═══ Input material ═══
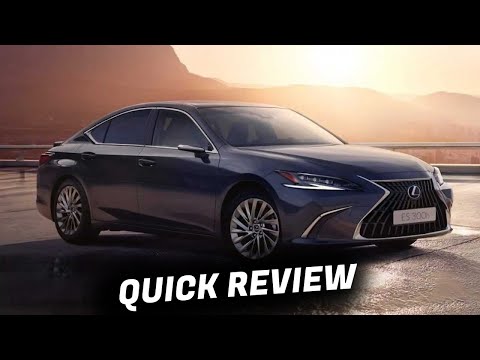 More information about "Video: 2023 Lexus ES300h Quick Review"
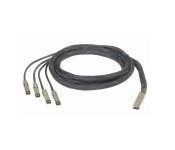 Arista CAB-O-2Q-400G-2M 400GBASE-CR8 OSFP to 2 x 200GBASE-CR4 QSFP Twinax Copper Cable, 2 meter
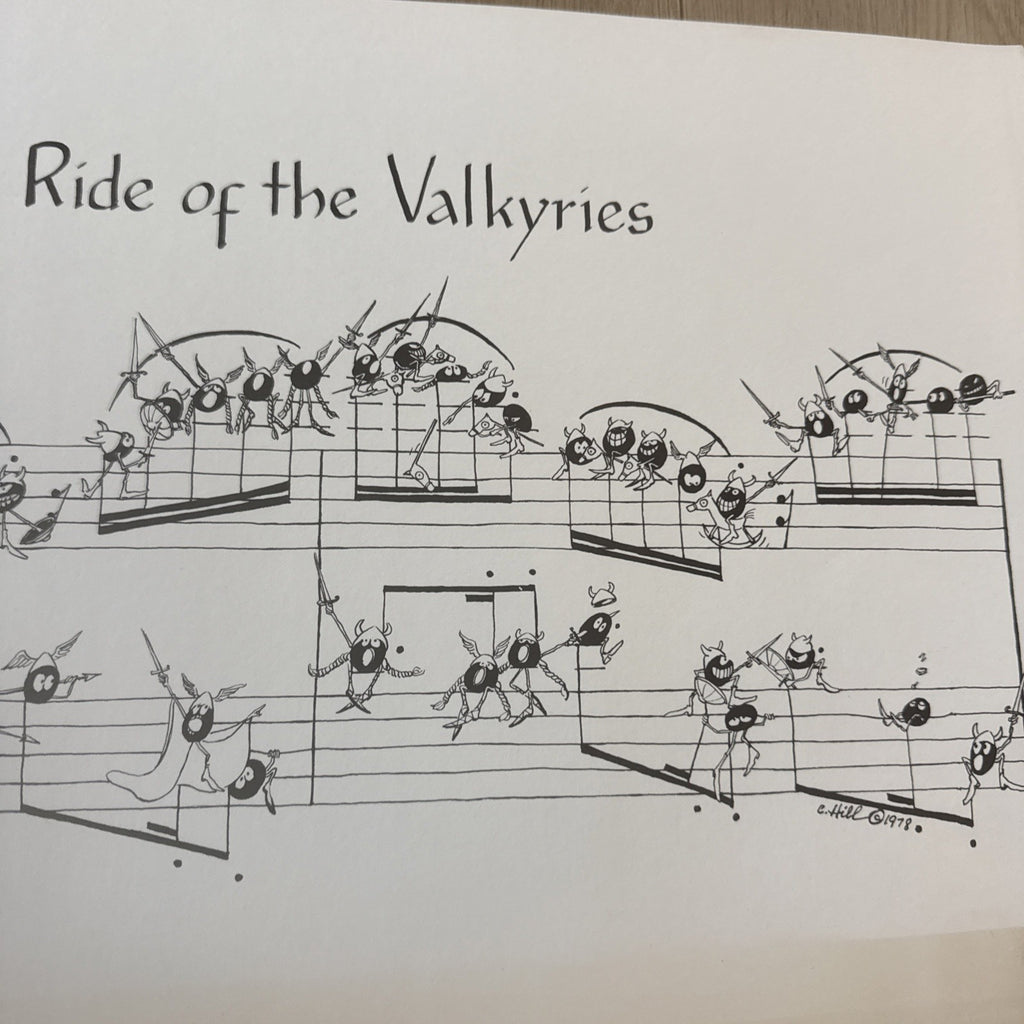 6Cathy Hill Signed Prints Tchaikovsky 1812  Beethoven 9th 1976-825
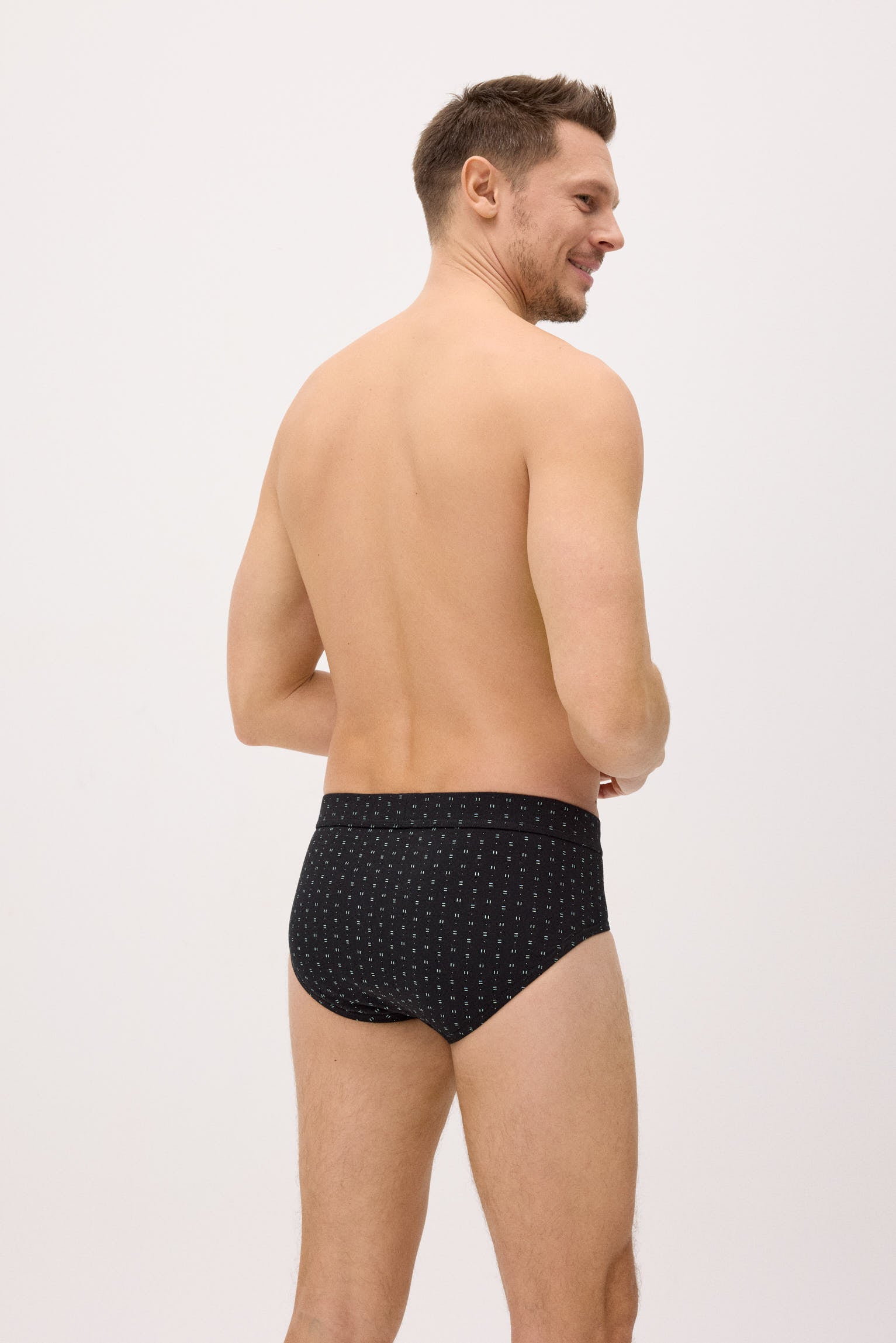 Pack 2 slips estampados elementos minimal - Ysabel Mora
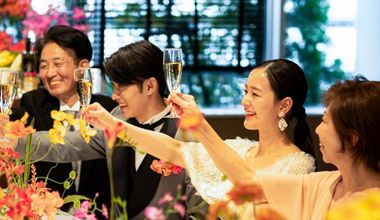 大切なご家族と『少人数6名~*プライベートウェディング』料理長パフォーマンスで食のおもてなしを【挙式+会食プラン】通常20名161万⇒81万◆80万相当お得◆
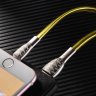Дата-кабель Hoco U52 USB-Lightning (2.4 A), 1.2 м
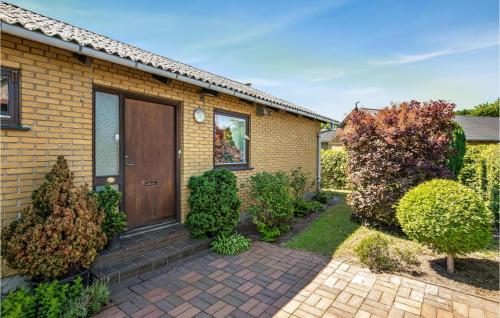 Gorgeous Home In Rnne With Kitchen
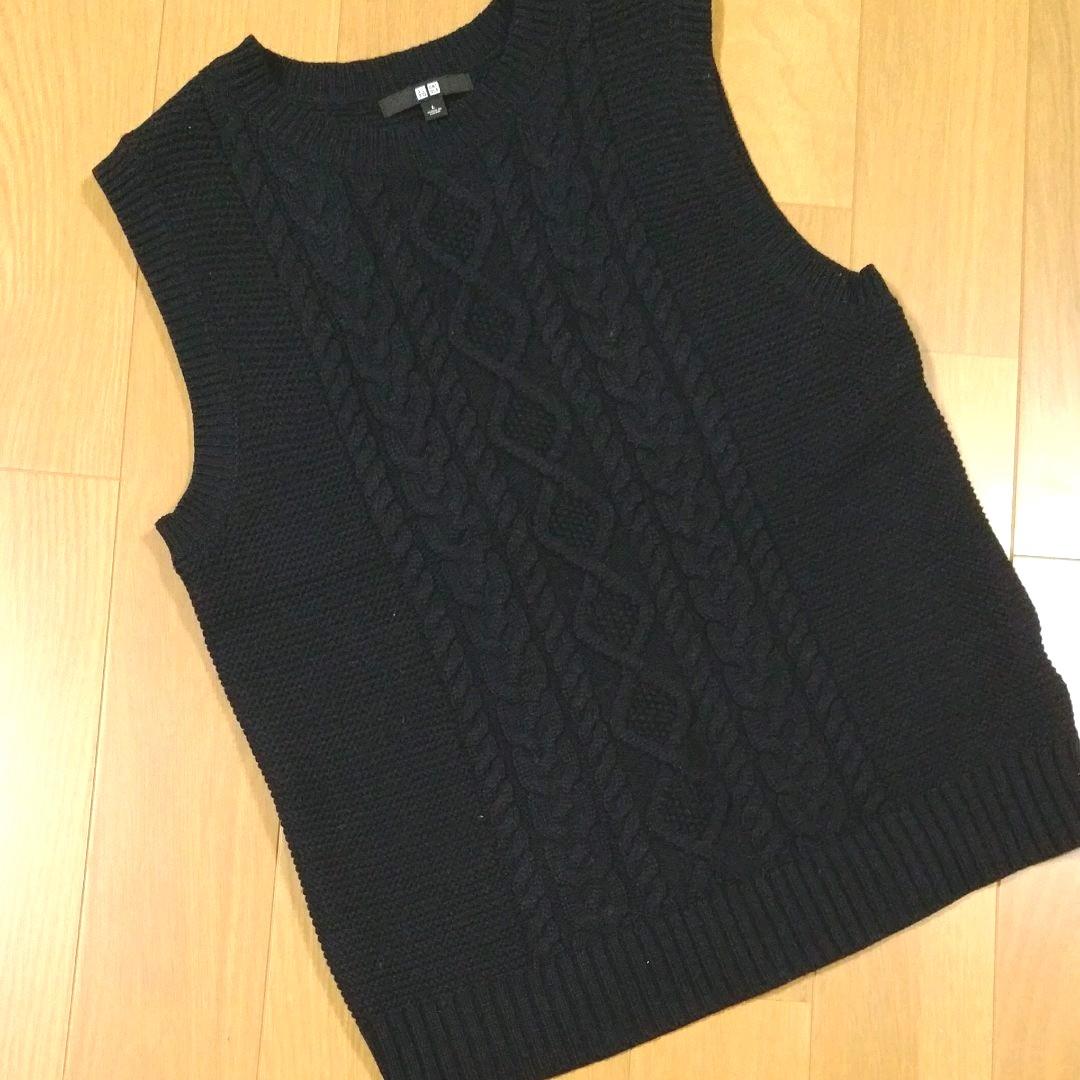 メタルライン うれしい 弓 ニット ベスト レディース ユニクロ Jinjin Yuuki Jp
═══
Please, without any pictures, print each entry exactly.

◆ Response
 More information about "Video: 2023 Lexus ES300h Quick Review"
 Arista CAB-O-2Q-400G-2M 400GBASE-CR8 OSFP to 2 x 200GBASE-CR4 QSFP Twinax Copper Cable, 2 meter
 6Cathy Hill Signed Prints Tchaikovsky 1812  Beethoven 9th 1976-825
 Pack 2 slips estampados elementos minimal - Ysabel Mora
 大切なご家族と『少人数6名~*プライベートウェディング』料理長パフォーマンスで食のおもてなしを【挙式+会食プラン】通常20名161万⇒81万◆80万相当お得◆
Дата-кабель Hoco U52 USB-Lightning (2.4 A), 1.2 м
 Gorgeous Home In Rnne With Kitchen
 メタルライン うれしい 弓 ニット ベスト レディース ユニクロ Jinjin Yuuki Jp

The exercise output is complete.